Validating data after storing it (August Lilleaas' blog)

This is me trying to be some kind of thought leader or something. Someone told me they do this in their system, and it stayed with me. So I want to share what they told me.

Keeping it short and sweet.

Mission critical

Typically, we validate our data on the way in. Validating the shape of our data is a big part of modelling a domain, so this is commonplace and normal, and it makes complete sense.

But what if data is mission critical? Even if it's not 100% valid yet?

Let's say it's a medical system, for ordering important and vital equipment. Maybe social security number is a required part of the form.

Should you be blocked from ordering vital equipment just because you don't have access to or don't have the time to find the social security number of the person in question?

In that case, it's better to allow "invalid" input. So you want to have a place to store the social security number, but you should allow blank values there.

Maybe you have a separate part of the system that lists all the "invalid" items that you are required to fix at some time. And if you don't, maybe the owners of the system will fine you or punish you in some way. The social security number is definitely required, after all - just not right away.

Mundane

This happened to me once:

A electrician was going to replace something in my breaker box. He had a PDA thing with him, where he took some pictures and filled out a form. He did this while he was in my house.

Then the app on his PDA crashed, and all the data was lost.

So he had to do it all over again, while still being in my house. And being visibly annoyed. While billing me, probably.

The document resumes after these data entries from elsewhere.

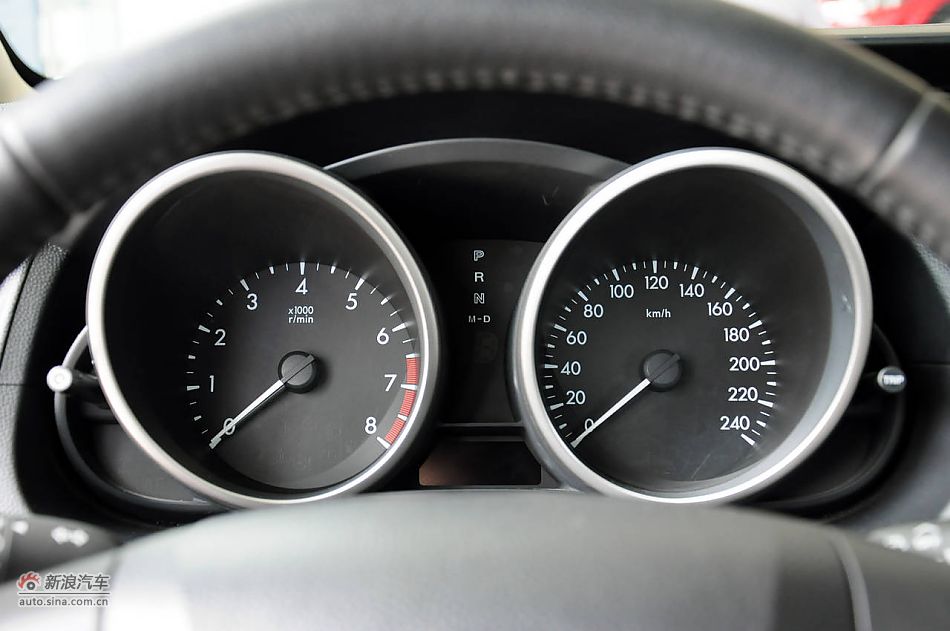 2011款马自达5实拍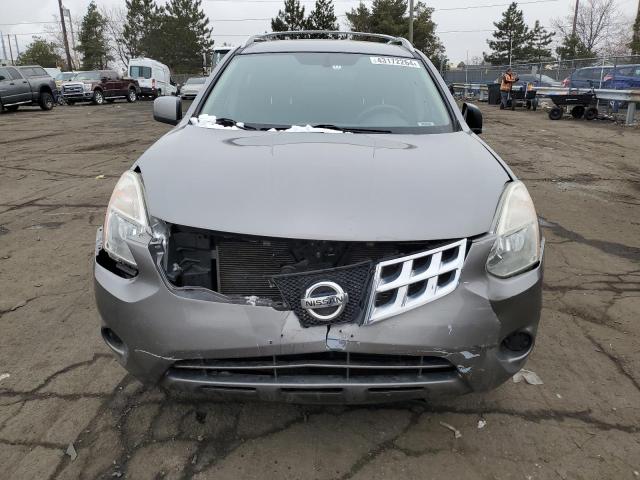 JN8AS5MV5DW638849 - 2013 NISSAN ROGUE S SILVER photo 5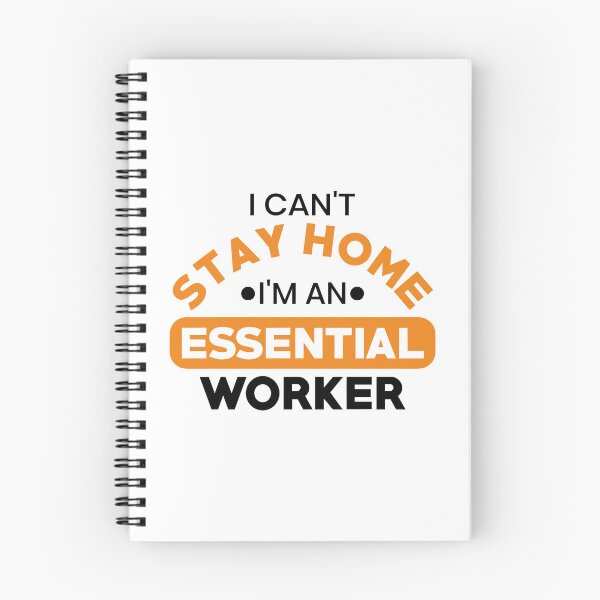 Item preview, I can't stay home i'm an essential worker designed and sold by BandiRock.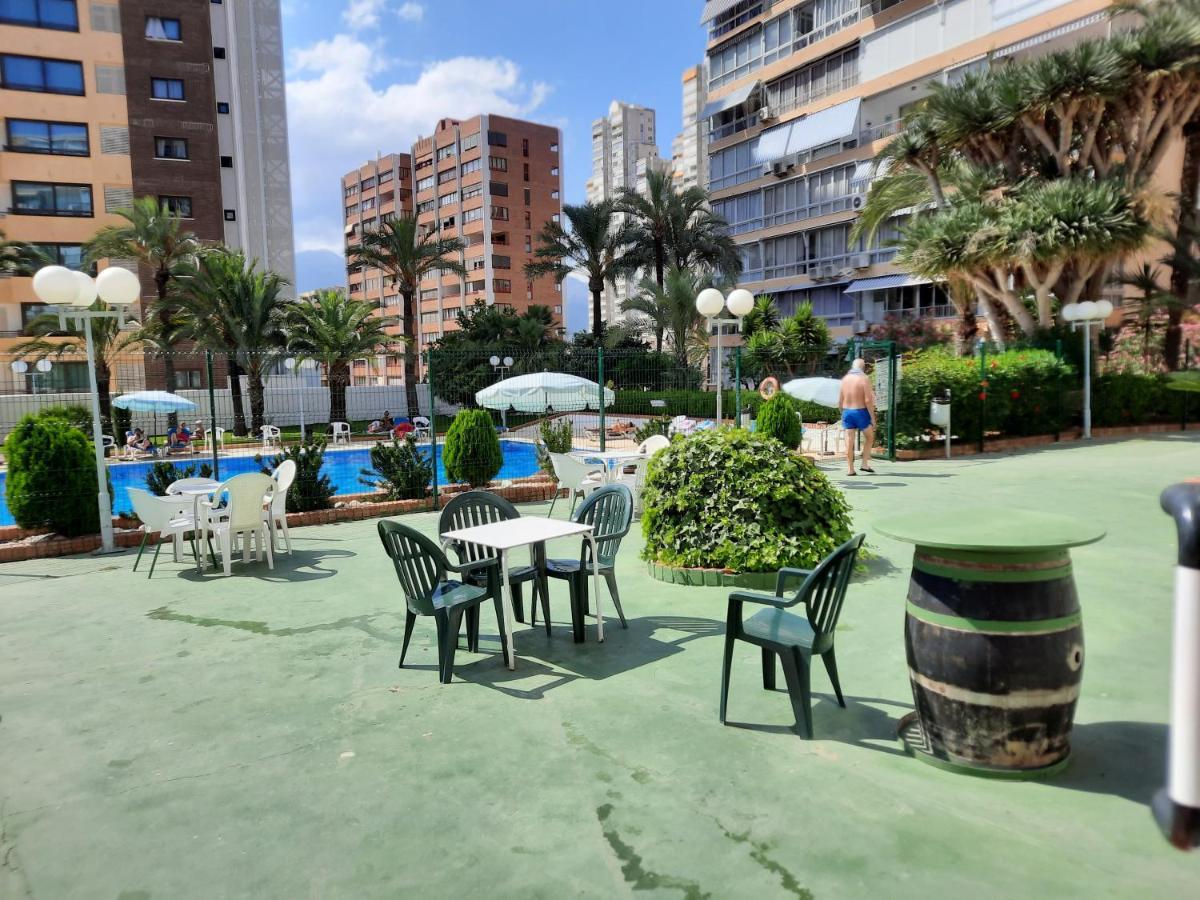 Happy Loix Apartamento Wifi Aa Benidorm Dış mekan fotoğraf
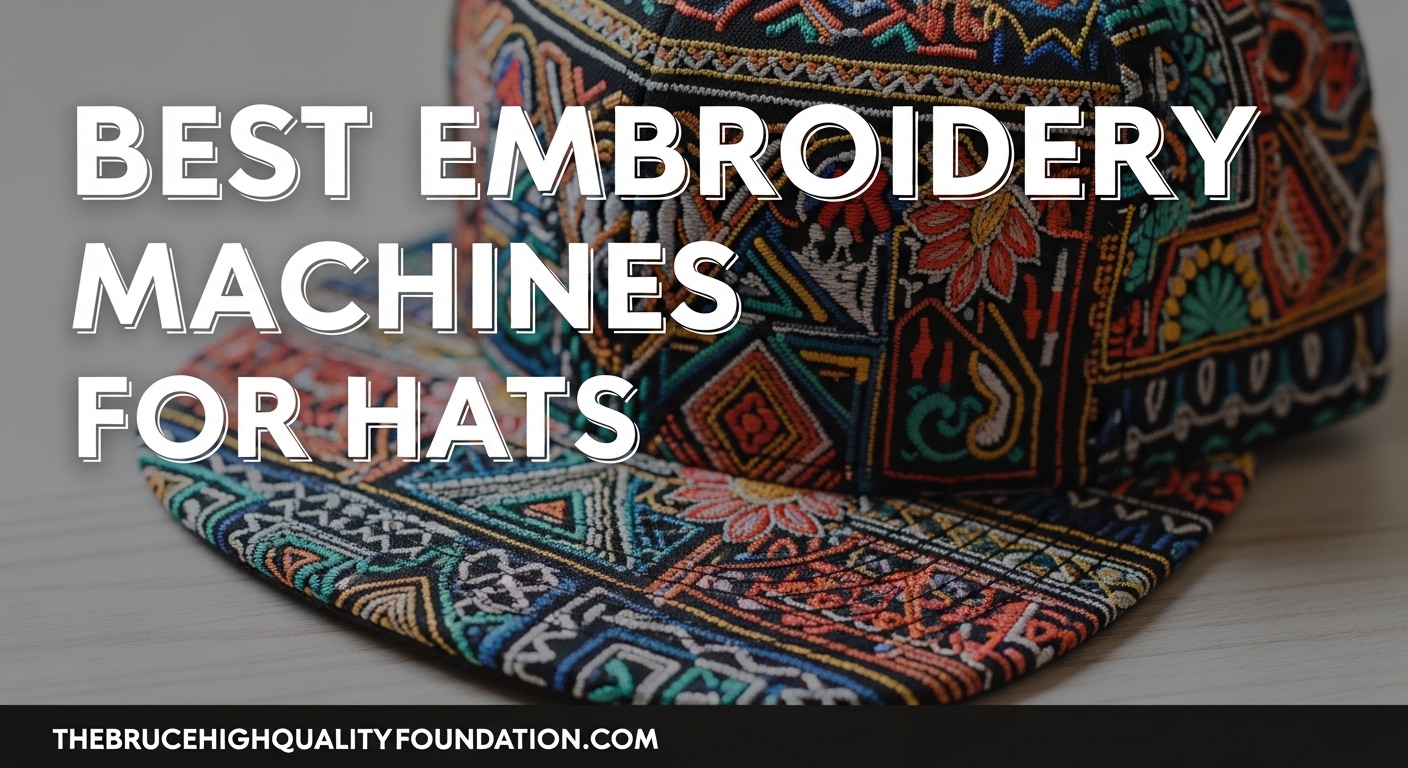 Best Embroidery Machines for Hats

Bugs can happen, of course. There's no known process for making crash-free systems.

But what if the default for this system was: "always store all data, validate it after it's stored?"

Then, at least the pictures he took and the form he filled out could be constantly saved while he worked. Without adding any extra layer of "draft" storage etc. It could just run the normal operation of saving the form.

Then, in his car later, he could see that all is saved in the database, but he needs to fill in a few more fields to make the form completely "valid".

So maybe this is a good idea?

To separate the idea of "storing" and "validating" data?

Probably not in all cases. But I bet that a whole lot of systems could be made that way without much hassle. And it seems to me that we default to validating data before storing it without really thinking about it on a case-by-case basis.